##### Reference no: EM132183954

**Question - **Adam Rust looked at his mechanic and sighed. The mechanic had just pronounced a death sentence on his road-weary car. The car had served him well---at a cost of $500 it had lasted through four years of college with minimal repairs. Now, he desperately needs wheels. He has just graduated, and has a good job at a decent starting salary. He hopes to purchase his first new car. The car dealer seems very optimistic about his ability to afford the car payments, another first for him.

The car Adam is considering is $35,000. The dealer has given him three payment options:

Zero percent financing. Make a $4000 down payment from his savings and finance the remainder with a 0% APR loan for 48 months. Adam has more than enough cash for the down payment, thanks to generous graduation gifs.

Rebate with no money down. Receive a $4000 rebate, which he would use for the down payment (and leave his savings intact), and finance the rest with a standard 48-month loan, with an 8% APR. He likes this option, as he could think of many other uses for the $4000.

Pay cash. Get the $4000 rebate and pay the rest with cash. While Adam doesn't have $35,000, he wants to evaluate this option. His parents always paid cash when they bought a family car; Adam wonders if this really was a good idea.

Adam's fellow graduate, Jenna Hawthorne, was lucky. Her parents gave her a car for graduation. Okay, it was a little Hyundai, and definitely not her dream car, but it was serviceable, and Jenna didn't have to worry about buying a new car. In fact, Jenna has been trying to decide how much of her new salary she could save. Adam knows that with a hefty car payment, saving for retirement would be very low on his priority list. Jenna believes she could easily set aside $3000 of her $45,000 salary. She is considering putting her savings in a stock fund. She just turned 22 and has a long way to go until retirement at age 65, and she considers this risk level reasonable. The fund she is looking at has earned an average of 9% over the past 15 years and could be expected to continue earning this amount, on average. While she has no current retirement savings, five years ago Jenna's grandparents gave her a new 30-year U.S. Treasury bond with a $10,000 face value.
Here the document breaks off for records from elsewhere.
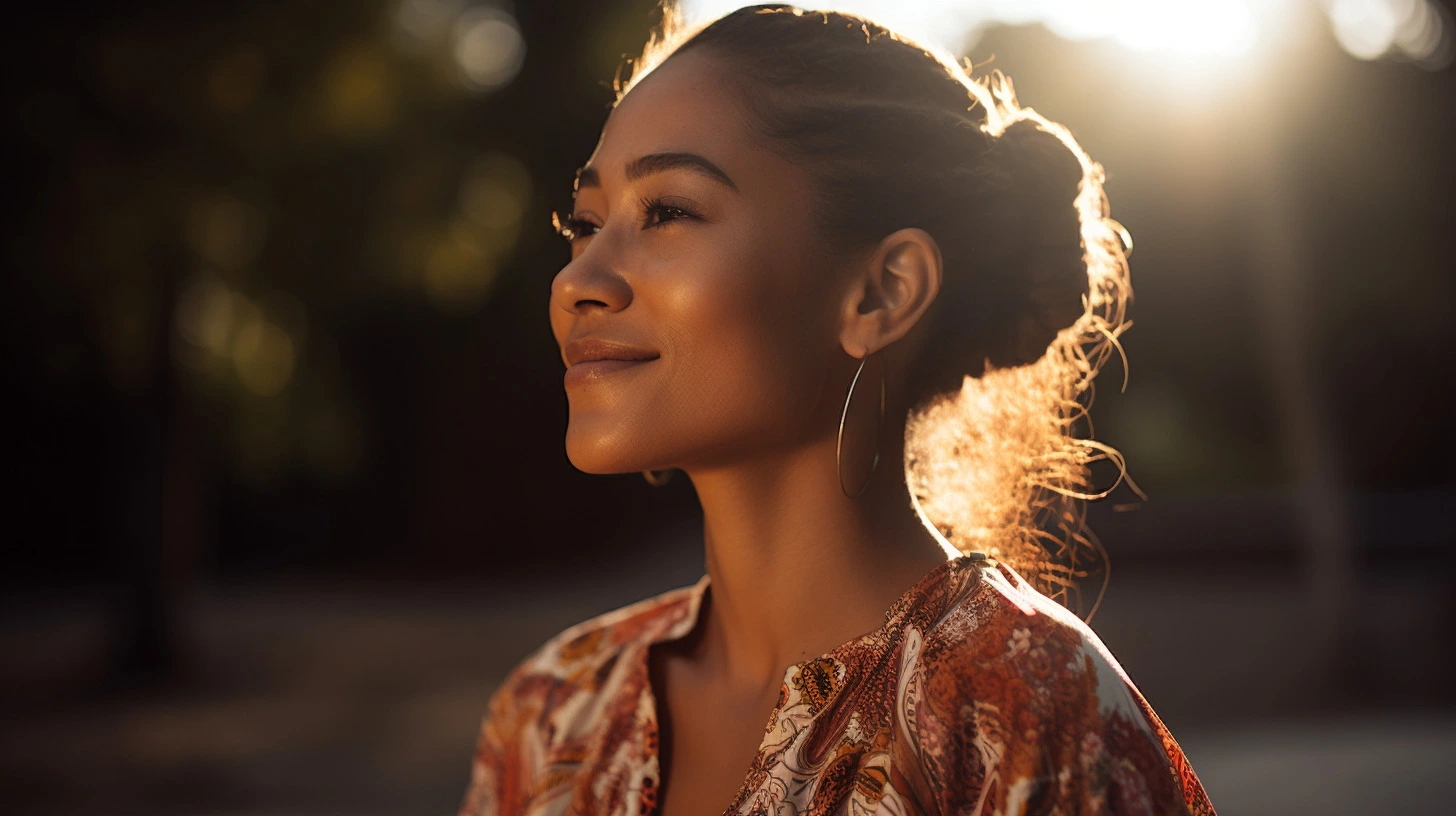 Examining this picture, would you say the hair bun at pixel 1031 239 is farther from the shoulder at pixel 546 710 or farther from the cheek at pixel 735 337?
the shoulder at pixel 546 710

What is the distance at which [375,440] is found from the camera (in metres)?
14.1

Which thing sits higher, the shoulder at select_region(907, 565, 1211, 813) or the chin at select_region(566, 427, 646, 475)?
the chin at select_region(566, 427, 646, 475)

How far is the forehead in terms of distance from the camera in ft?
5.99

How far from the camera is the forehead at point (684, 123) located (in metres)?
A: 1.83

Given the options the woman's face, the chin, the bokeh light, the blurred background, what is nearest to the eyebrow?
the woman's face

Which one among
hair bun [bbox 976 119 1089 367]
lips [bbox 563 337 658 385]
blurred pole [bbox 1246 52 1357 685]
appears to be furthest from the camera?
blurred pole [bbox 1246 52 1357 685]

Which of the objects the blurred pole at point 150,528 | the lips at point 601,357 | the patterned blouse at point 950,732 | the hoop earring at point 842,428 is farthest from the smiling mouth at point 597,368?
the blurred pole at point 150,528

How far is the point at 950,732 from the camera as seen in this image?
5.04ft

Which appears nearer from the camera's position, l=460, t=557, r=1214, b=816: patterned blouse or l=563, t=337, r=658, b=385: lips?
l=460, t=557, r=1214, b=816: patterned blouse

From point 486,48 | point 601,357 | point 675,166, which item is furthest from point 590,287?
point 486,48

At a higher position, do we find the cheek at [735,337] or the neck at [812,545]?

Jenna wants to know her retirement income if she both (1) sells her Treasury bond at its current market value and invests the proceeds in the stock fund and (2) saves an additional $3000 at the end of each year in the stock fund from now until she turns 65. Once she retires, Jenna wants those savings to last for 25 years until she is 90.

Both Adam and Jenna need to determine their best options.

Case Questions

1. What are the cash flows associated with each of Adam's three care financing options?

2. Suppose that, similar to his parents, Adam had plenty of cash in the bank so that he could easily afford to pay cash for the car without running into deb now or in the foreseeable future. If his cash earns interest at a 5.4% APR (based on monthly compounding) at the bank, what would be his best purchase option for the car?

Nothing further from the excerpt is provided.